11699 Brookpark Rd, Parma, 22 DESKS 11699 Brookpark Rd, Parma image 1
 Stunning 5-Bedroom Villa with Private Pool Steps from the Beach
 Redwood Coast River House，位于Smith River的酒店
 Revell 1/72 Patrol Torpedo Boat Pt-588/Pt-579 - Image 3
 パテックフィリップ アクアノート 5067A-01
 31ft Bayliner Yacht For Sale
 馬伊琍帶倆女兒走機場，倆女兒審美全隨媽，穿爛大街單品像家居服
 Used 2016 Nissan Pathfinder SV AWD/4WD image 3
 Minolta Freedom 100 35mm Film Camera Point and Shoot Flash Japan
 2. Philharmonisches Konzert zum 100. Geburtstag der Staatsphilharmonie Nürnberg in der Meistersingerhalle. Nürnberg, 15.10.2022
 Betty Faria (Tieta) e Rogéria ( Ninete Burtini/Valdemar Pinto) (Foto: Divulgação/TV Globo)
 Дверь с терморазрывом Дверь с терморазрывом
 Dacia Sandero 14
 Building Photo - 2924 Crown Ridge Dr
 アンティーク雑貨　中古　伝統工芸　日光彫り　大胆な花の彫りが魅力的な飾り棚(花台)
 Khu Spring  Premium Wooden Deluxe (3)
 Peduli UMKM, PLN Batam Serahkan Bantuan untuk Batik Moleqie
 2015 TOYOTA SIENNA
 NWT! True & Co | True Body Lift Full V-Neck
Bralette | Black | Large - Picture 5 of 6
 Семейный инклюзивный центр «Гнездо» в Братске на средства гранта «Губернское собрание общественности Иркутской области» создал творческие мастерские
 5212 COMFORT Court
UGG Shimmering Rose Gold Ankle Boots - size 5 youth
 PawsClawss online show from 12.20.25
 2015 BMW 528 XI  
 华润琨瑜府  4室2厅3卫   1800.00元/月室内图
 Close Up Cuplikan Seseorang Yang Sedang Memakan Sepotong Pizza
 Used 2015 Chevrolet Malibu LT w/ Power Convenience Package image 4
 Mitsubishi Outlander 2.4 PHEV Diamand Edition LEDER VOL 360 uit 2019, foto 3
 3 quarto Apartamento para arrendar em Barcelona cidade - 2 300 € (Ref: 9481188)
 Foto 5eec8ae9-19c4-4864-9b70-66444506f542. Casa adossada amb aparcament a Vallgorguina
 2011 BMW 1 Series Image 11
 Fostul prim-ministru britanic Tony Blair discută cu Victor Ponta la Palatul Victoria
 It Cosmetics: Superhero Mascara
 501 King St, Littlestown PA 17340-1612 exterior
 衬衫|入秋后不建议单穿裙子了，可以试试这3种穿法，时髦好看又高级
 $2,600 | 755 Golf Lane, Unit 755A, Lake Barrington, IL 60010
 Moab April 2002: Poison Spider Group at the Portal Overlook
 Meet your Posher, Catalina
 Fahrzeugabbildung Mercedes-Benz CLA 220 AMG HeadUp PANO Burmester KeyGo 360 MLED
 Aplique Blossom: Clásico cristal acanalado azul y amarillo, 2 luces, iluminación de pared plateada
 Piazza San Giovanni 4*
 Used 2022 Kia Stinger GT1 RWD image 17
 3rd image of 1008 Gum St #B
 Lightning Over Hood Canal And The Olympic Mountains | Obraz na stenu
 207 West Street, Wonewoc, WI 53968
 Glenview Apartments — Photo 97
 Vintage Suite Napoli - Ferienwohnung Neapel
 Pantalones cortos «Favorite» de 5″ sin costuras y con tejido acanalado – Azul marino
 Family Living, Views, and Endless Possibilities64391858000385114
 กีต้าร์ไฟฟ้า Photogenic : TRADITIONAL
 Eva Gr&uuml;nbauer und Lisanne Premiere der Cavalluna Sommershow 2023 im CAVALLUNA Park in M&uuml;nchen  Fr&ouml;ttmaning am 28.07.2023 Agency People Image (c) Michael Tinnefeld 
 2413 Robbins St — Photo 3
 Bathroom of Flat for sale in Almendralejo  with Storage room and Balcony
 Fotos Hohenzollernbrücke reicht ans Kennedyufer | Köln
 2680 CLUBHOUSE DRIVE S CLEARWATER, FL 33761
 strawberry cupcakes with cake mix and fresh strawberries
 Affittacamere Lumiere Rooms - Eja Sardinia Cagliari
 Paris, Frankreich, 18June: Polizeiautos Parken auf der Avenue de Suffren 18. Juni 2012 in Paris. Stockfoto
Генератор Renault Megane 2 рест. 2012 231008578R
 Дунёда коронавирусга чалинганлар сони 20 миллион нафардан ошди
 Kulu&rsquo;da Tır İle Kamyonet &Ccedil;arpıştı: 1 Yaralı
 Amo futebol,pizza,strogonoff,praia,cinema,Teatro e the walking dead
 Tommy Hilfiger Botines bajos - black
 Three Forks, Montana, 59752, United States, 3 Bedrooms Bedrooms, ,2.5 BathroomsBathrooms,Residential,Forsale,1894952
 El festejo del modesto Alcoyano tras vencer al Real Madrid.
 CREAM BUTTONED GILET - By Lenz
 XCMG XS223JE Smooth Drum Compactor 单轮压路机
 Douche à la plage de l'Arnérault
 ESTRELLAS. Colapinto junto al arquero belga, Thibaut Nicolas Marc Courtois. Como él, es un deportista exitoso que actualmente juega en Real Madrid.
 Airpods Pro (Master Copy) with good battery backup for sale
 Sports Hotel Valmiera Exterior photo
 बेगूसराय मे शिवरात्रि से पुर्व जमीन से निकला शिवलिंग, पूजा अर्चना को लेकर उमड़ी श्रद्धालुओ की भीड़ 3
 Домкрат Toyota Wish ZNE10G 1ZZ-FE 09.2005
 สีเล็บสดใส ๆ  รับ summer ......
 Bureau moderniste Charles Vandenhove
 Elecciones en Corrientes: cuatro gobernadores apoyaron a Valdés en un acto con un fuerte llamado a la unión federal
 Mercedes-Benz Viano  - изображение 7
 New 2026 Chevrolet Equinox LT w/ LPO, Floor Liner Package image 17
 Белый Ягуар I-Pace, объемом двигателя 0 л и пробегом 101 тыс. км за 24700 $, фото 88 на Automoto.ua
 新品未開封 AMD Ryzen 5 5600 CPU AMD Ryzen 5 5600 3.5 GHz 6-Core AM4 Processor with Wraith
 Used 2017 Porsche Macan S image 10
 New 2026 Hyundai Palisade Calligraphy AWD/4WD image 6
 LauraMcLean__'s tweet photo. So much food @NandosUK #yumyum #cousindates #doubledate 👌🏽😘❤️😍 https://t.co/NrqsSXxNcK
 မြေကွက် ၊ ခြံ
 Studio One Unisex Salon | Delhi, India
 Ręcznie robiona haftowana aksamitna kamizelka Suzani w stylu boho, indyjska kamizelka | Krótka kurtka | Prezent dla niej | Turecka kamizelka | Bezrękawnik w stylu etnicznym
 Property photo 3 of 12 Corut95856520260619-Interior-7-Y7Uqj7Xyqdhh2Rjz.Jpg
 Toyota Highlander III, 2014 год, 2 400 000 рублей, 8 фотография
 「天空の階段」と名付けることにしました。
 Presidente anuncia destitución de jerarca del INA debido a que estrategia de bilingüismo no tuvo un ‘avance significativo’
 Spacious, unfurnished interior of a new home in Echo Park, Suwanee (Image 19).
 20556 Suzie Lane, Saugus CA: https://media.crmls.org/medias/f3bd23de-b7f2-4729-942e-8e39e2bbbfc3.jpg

_____

Task prompt: Using the records above, restate word for word the lines from the one with "Дверь с терморазрывом Дверь с терморазрывом" through the one with "Vintage Suite Napoli - Ferienwohnung Neapel", both included.

Response:
 Дверь с терморазрывом Дверь с терморазрывом
 Dacia Sandero 14
 Building Photo - 2924 Crown Ridge Dr
 アンティーク雑貨　中古　伝統工芸　日光彫り　大胆な花の彫りが魅力的な飾り棚(花台)
 Khu Spring  Premium Wooden Deluxe (3)
 Peduli UMKM, PLN Batam Serahkan Bantuan untuk Batik Moleqie
 2015 TOYOTA SIENNA
 NWT! True & Co | True Body Lift Full V-Neck
Bralette | Black | Large - Picture 5 of 6
 Семейный инклюзивный центр «Гнездо» в Братске на средства гранта «Губернское собрание общественности Иркутской области» создал творческие мастерские
 5212 COMFORT Court
UGG Shimmering Rose Gold Ankle Boots - size 5 youth
 PawsClawss online show from 12.20.25
 2015 BMW 528 XI  
 华润琨瑜府  4室2厅3卫   1800.00元/月室内图
 Close Up Cuplikan Seseorang Yang Sedang Memakan Sepotong Pizza
 Used 2015 Chevrolet Malibu LT w/ Power Convenience Package image 4
 Mitsubishi Outlander 2.4 PHEV Diamand Edition LEDER VOL 360 uit 2019, foto 3
 3 quarto Apartamento para arrendar em Barcelona cidade - 2 300 € (Ref: 9481188)
 Foto 5eec8ae9-19c4-4864-9b70-66444506f542. Casa adossada amb aparcament a Vallgorguina
 2011 BMW 1 Series Image 11
 Fostul prim-ministru britanic Tony Blair discută cu Victor Ponta la Palatul Victoria
 It Cosmetics: Superhero Mascara
 501 King St, Littlestown PA 17340-1612 exterior
 衬衫|入秋后不建议单穿裙子了，可以试试这3种穿法，时髦好看又高级
 $2,600 | 755 Golf Lane, Unit 755A, Lake Barrington, IL 60010
 Moab April 2002: Poison Spider Group at the Portal Overlook
 Meet your Posher, Catalina
 Fahrzeugabbildung Mercedes-Benz CLA 220 AMG HeadUp PANO Burmester KeyGo 360 MLED
 Aplique Blossom: Clásico cristal acanalado azul y amarillo, 2 luces, iluminación de pared plateada
 Piazza San Giovanni 4*
 Used 2022 Kia Stinger GT1 RWD image 17
 3rd image of 1008 Gum St #B
 Lightning Over Hood Canal And The Olympic Mountains | Obraz na stenu
 207 West Street, Wonewoc, WI 53968
 Glenview Apartments — Photo 97
 Vintage Suite Napoli - Ferienwohnung Neapel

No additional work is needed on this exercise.